(Items listed in a dataset)
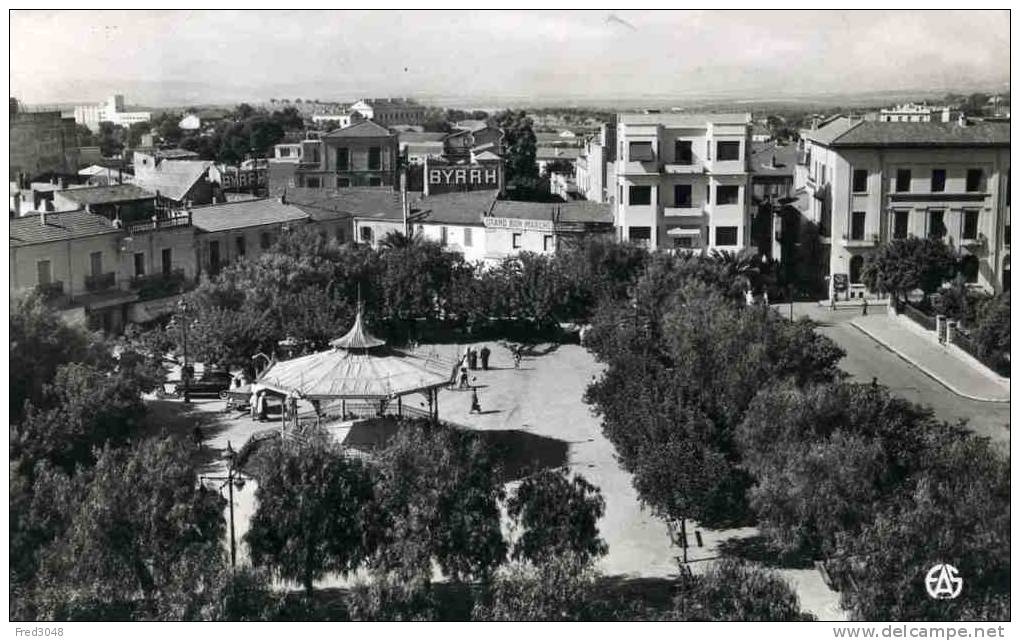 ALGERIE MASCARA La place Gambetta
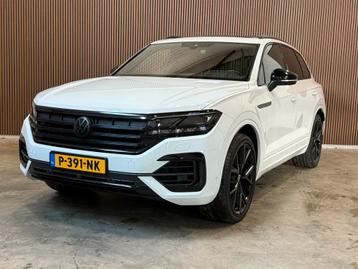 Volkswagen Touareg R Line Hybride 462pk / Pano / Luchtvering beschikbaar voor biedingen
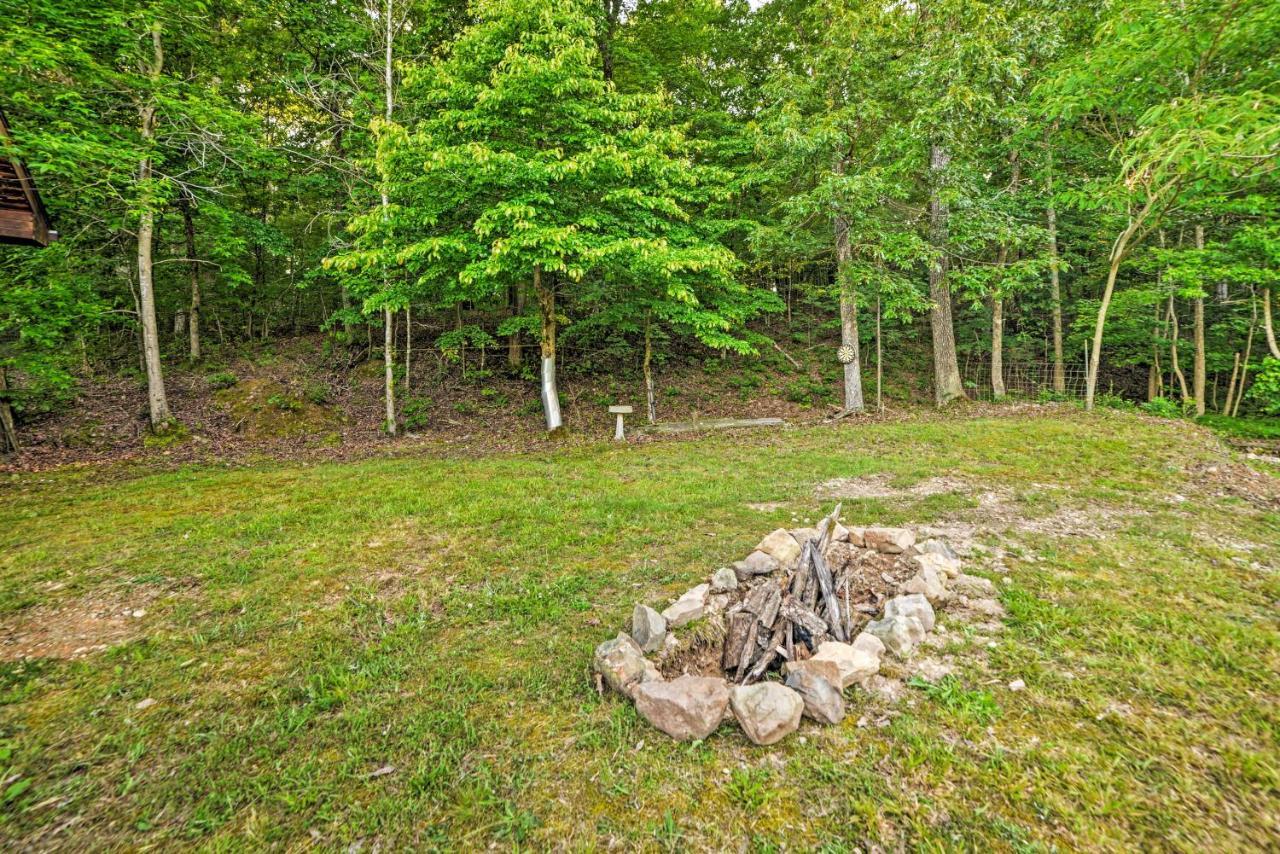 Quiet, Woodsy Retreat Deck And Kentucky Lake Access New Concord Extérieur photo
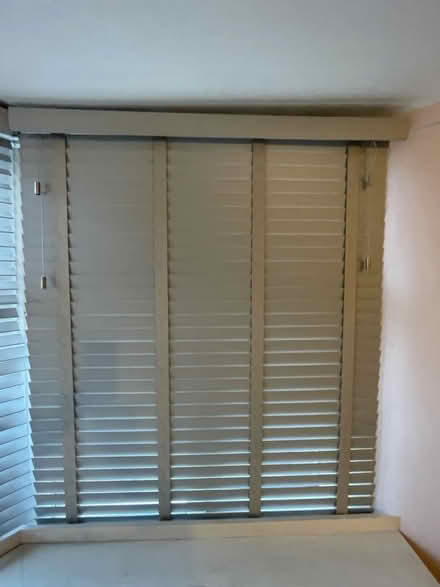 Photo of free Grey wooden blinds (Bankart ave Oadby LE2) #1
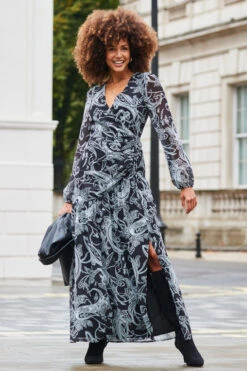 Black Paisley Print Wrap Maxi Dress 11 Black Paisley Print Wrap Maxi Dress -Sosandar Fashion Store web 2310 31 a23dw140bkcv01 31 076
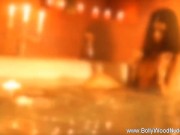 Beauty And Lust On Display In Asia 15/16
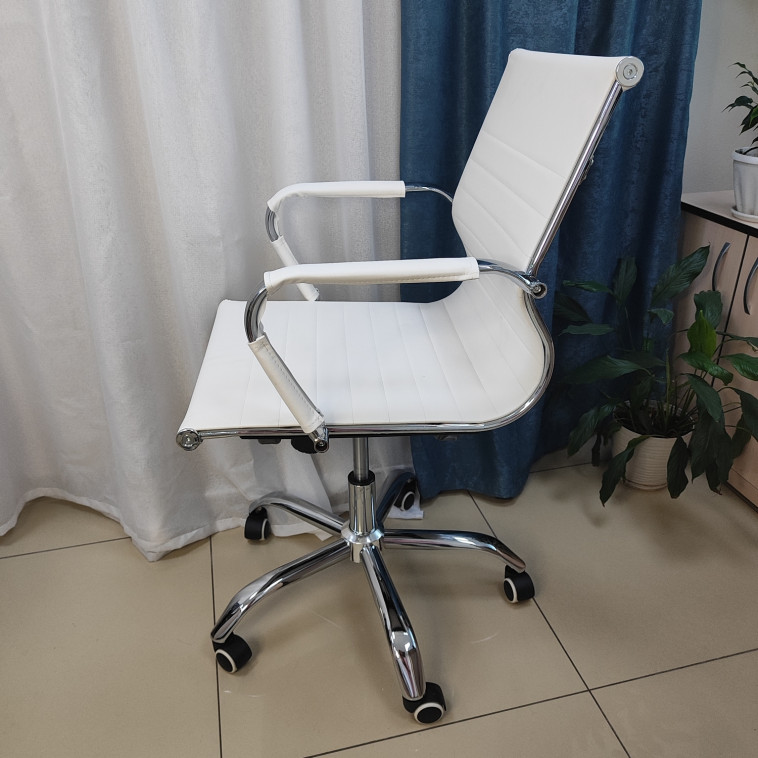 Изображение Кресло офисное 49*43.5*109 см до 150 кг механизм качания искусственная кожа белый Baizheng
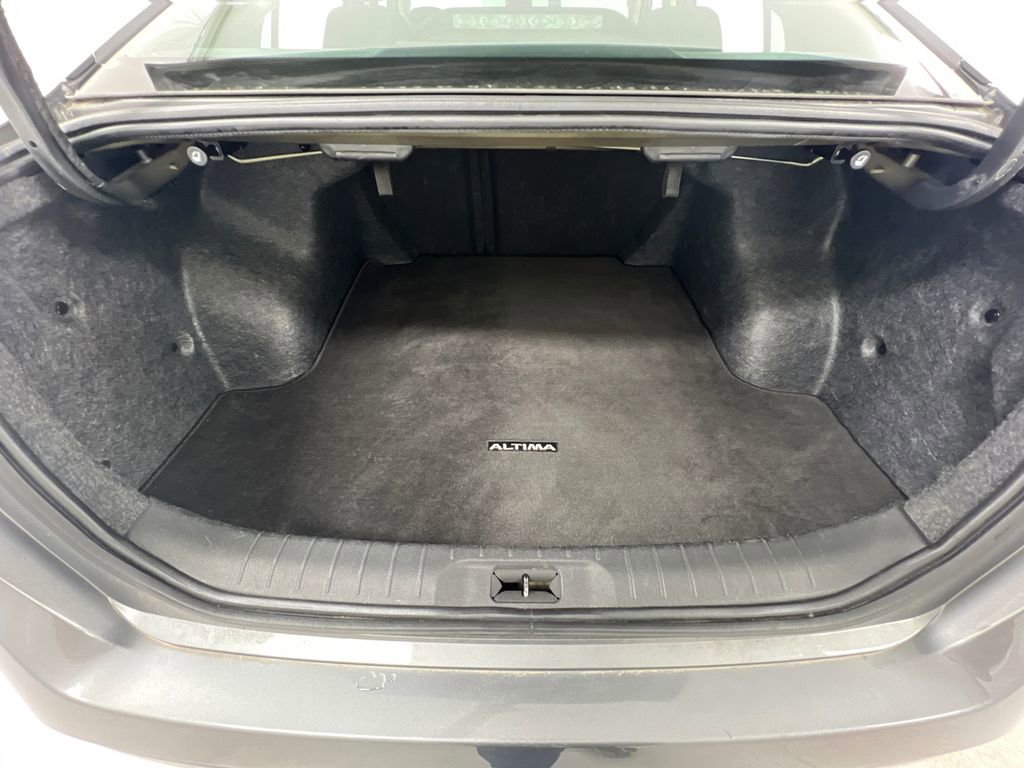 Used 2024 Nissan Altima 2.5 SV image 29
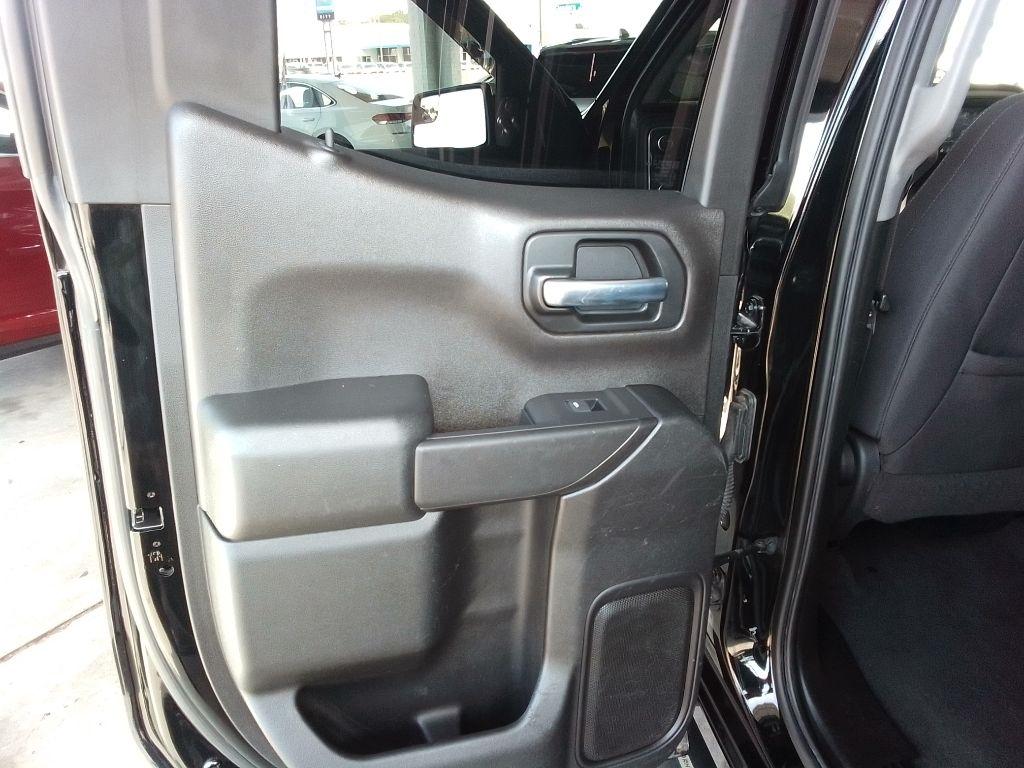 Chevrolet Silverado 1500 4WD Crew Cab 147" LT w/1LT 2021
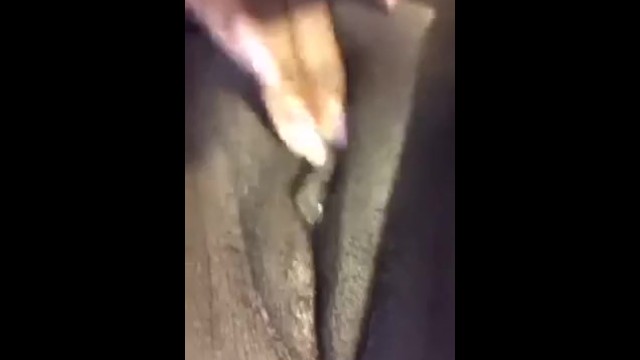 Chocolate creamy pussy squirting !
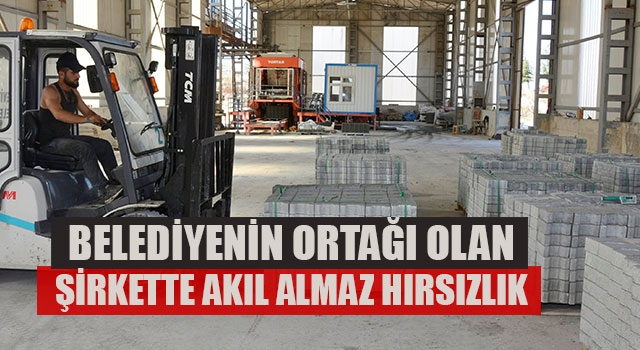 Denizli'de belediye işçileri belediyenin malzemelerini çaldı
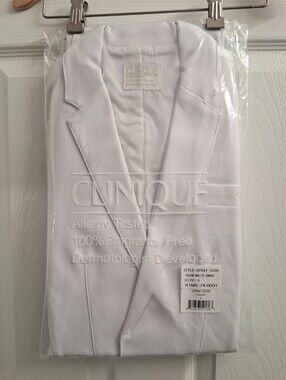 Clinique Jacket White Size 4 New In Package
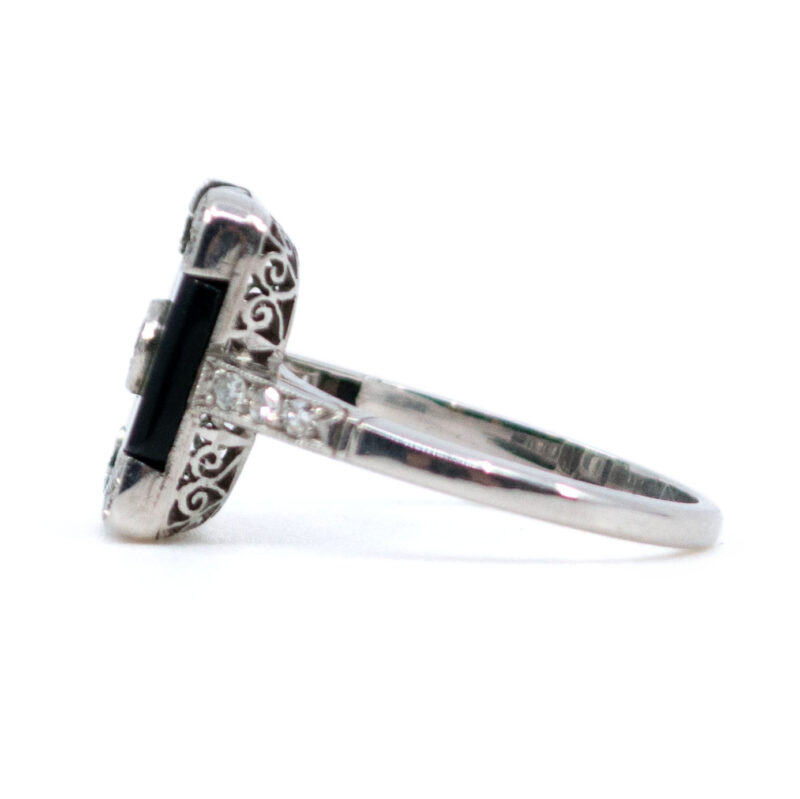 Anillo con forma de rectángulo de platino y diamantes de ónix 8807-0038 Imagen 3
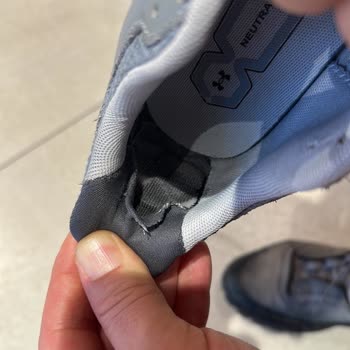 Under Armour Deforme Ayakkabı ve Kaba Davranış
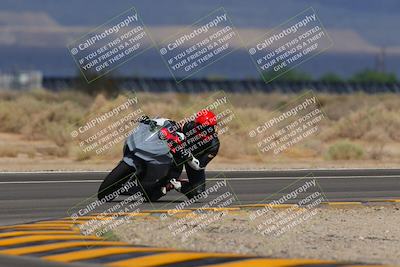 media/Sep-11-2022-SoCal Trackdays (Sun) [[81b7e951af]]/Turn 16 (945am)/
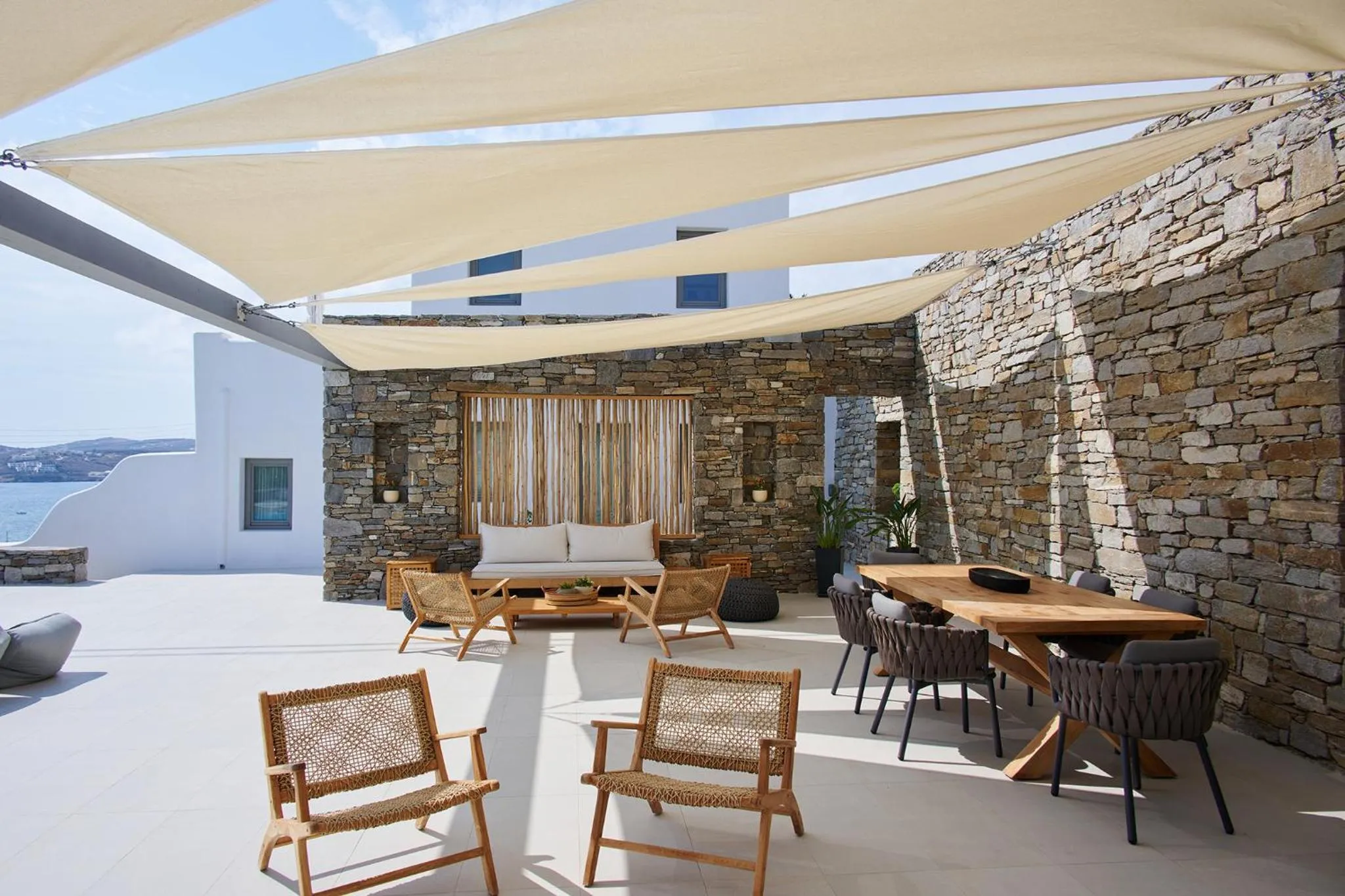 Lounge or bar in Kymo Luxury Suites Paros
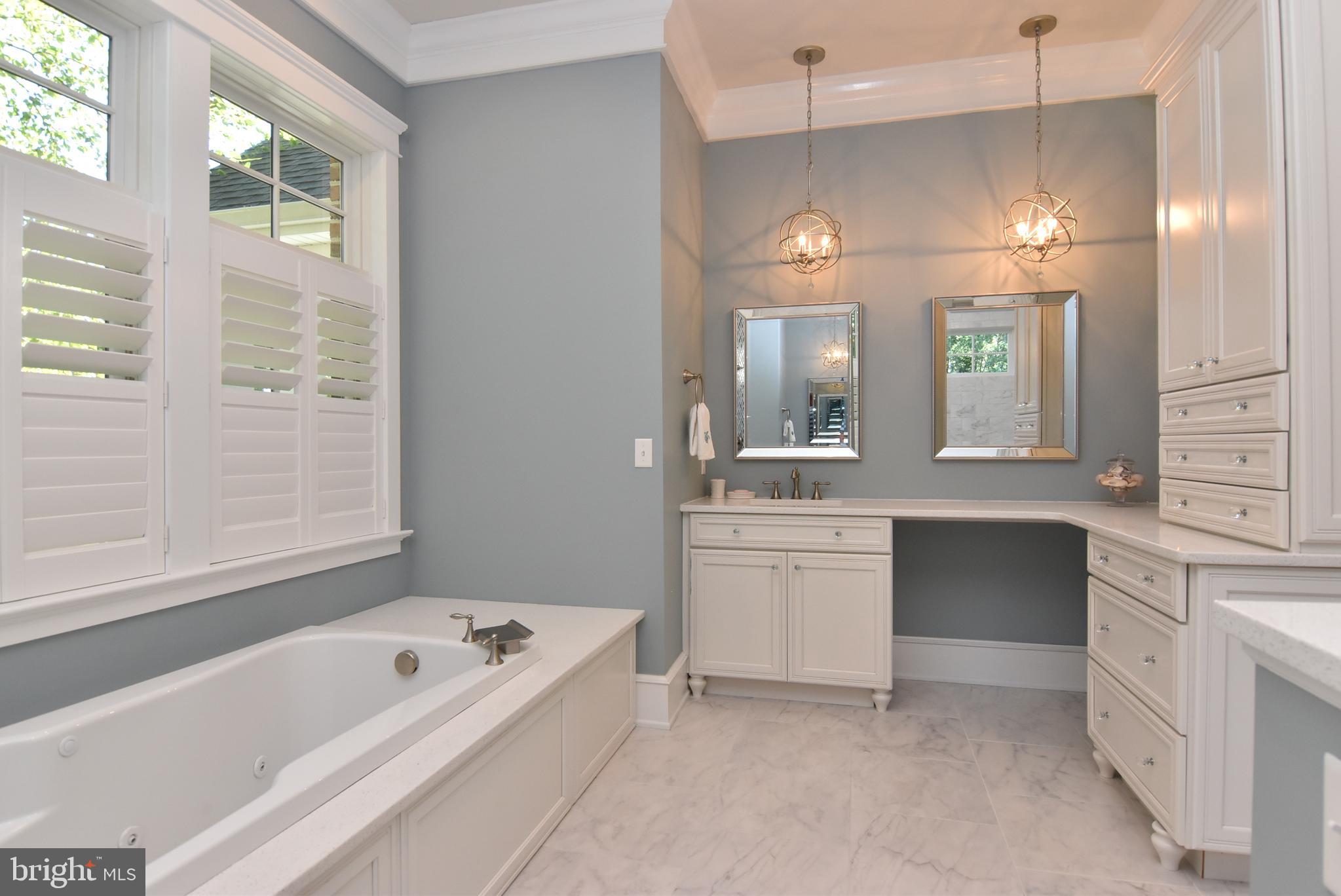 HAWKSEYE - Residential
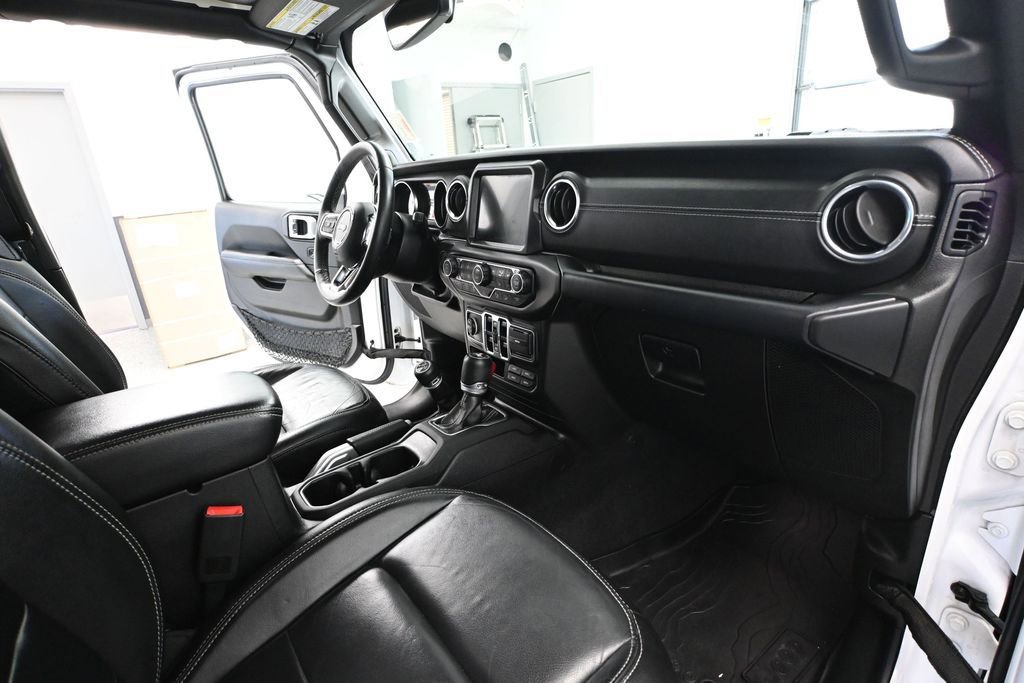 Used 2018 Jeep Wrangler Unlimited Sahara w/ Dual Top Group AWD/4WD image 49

REQUIRED ACTION
Would you output all of the entries above exactly, keeping the pictures out?

ANSWER BOX
 ALGERIE MASCARA La place Gambetta
 Volkswagen Touareg R Line Hybride 462pk / Pano / Luchtvering beschikbaar voor biedingen
 Quiet, Woodsy Retreat Deck And Kentucky Lake Access New Concord Extérieur photo
 Photo of free Grey wooden blinds (Bankart ave Oadby LE2) #1
 Black Paisley Print Wrap Maxi Dress 11 Black Paisley Print Wrap Maxi Dress -Sosandar Fashion Store web 2310 31 a23dw140bkcv01 31 076
 Beauty And Lust On Display In Asia 15/16
 Изображение Кресло офисное 49*43.5*109 см до 150 кг механизм качания искусственная кожа белый Baizheng
 Used 2024 Nissan Altima 2.5 SV image 29
 Chevrolet Silverado 1500 4WD Crew Cab 147" LT w/1LT 2021
 Chocolate creamy pussy squirting !
 Denizli'de belediye işçileri belediyenin malzemelerini çaldı
 Clinique Jacket White Size 4 New In Package
 Anillo con forma de rectángulo de platino y diamantes de ónix 8807-0038 Imagen 3
 Under Armour Deforme Ayakkabı ve Kaba Davranış
 media/Sep-11-2022-SoCal Trackdays (Sun) [[81b7e951af]]/Turn 16 (945am)/
 Lounge or bar in Kymo Luxury Suites Paros
 HAWKSEYE - Residential
 Used 2018 Jeep Wrangler Unlimited Sahara w/ Dual Top Group AWD/4WD image 49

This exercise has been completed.